Without omission or alteration, write out all of the data.

═════ Information supplied ═════

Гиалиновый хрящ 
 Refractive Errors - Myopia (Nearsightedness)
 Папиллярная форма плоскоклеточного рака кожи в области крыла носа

═════

Completed task:
Гиалиновый хрящ 
 Refractive Errors - Myopia (Nearsightedness)
 Папиллярная форма плоскоклеточного рака кожи в области крыла носа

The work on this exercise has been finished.